A former California county clerk is in hot water for allegedly fabricating death threats against herself — and that could be good news for a man who was convicted of assaulting her nearly two decades ago.

Roger Steiner spent 19 years in federal prison after a jury found him guilty of viciously attacking Karen Mathews Davis as part of a bizarre tax-protest conspiracy.

Steiner, who had always maintained Davis lied about the attack, had just gotten out of prison when he was suddenly under scrutiny again.

Davis, who was then running for Congress, claimed she received two death threats in the mail — and once again tried to cast blame on Steiner, court documents show.

But federal investigators say Davis made up the threats. And now Steiner is hoping that convinces prosecutors to reopen his long-ago case and clear his name.
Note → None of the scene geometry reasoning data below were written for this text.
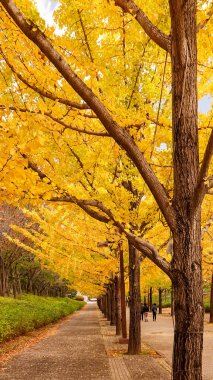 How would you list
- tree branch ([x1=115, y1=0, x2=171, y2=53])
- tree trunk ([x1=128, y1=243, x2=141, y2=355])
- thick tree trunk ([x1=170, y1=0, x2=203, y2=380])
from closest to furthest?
thick tree trunk ([x1=170, y1=0, x2=203, y2=380]) < tree branch ([x1=115, y1=0, x2=171, y2=53]) < tree trunk ([x1=128, y1=243, x2=141, y2=355])

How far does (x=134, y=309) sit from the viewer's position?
1246 centimetres

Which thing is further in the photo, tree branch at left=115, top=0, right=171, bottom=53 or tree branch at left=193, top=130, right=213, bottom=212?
tree branch at left=115, top=0, right=171, bottom=53

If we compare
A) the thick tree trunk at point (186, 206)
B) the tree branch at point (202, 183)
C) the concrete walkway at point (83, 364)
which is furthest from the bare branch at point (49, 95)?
the concrete walkway at point (83, 364)

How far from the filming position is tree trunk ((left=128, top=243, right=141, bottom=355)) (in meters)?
12.2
"If she lied now, that substantiates my story that she lied back then," Steiner, 77, told NBC News.

"I see her as evil, with a criminal mind."

•••••

Federal prosecutors who charged Davis with lying to investigators confirmed last week that they are now "reviewing" Steiner's 1997 conviction.

•••••

By the time he was released to a halfway house in late 2013, Davis was no longer a county clerk. She retired in 2001 after a grand jury accused her of misusing her credit card, hiring her son and making her secretary work on her book, and using the county FedEx account to ship the manuscript to movie producers — allegations she said were "biased and unsupported."
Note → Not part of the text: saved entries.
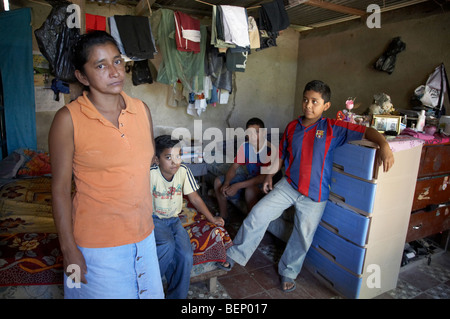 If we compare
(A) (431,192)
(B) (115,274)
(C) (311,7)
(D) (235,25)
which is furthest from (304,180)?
(C) (311,7)

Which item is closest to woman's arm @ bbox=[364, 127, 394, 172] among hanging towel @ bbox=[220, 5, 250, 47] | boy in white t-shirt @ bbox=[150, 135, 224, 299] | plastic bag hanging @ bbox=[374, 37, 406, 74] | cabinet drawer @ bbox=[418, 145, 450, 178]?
cabinet drawer @ bbox=[418, 145, 450, 178]

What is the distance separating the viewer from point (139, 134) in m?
1.29

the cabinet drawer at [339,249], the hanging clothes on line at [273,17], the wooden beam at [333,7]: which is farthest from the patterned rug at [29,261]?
the wooden beam at [333,7]

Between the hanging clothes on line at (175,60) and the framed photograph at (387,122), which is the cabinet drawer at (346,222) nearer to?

But after leaving the clerk's office, she wasn't done with politics; in fact, she was planning to run for Congress.

Shortly before the official launch of her ill-fated campaign, she contacted a Treasury Department agent and reported she had received a threatening letter filled with eerily familiar anti-government language.

"A close up shot to your head or to your husband will be final," it said. "You make the decision now not to run for Congress.'

•••••

By then, investigators had determined that based on logs from the halfway house, Steiner could not have sent the letters. And in early 2015, they asked Davis to take a polygraph test, which she failed, the court papers say.

Davis admitted she wrote and sent both notes herself, court documents say. She was charged in October and is free on $50,000 bond.

•••••

He said he planned to be in court for Davis' next court date to make sure the judge doesn't go easy on her. At the same time, he said, he feels "a little bit of compassion" for his accuser.

"I can't be angry because people around me are stupid," he said. "I'm not angry at her. I feel sorry for her... You know how much mental baggage that poor woman is carrying on her shoulders?

"I'm just grateful that it did come down to this," he added. "All these years what kind of kept me together was knowing it's a matter of time before she gets caught in her own lies."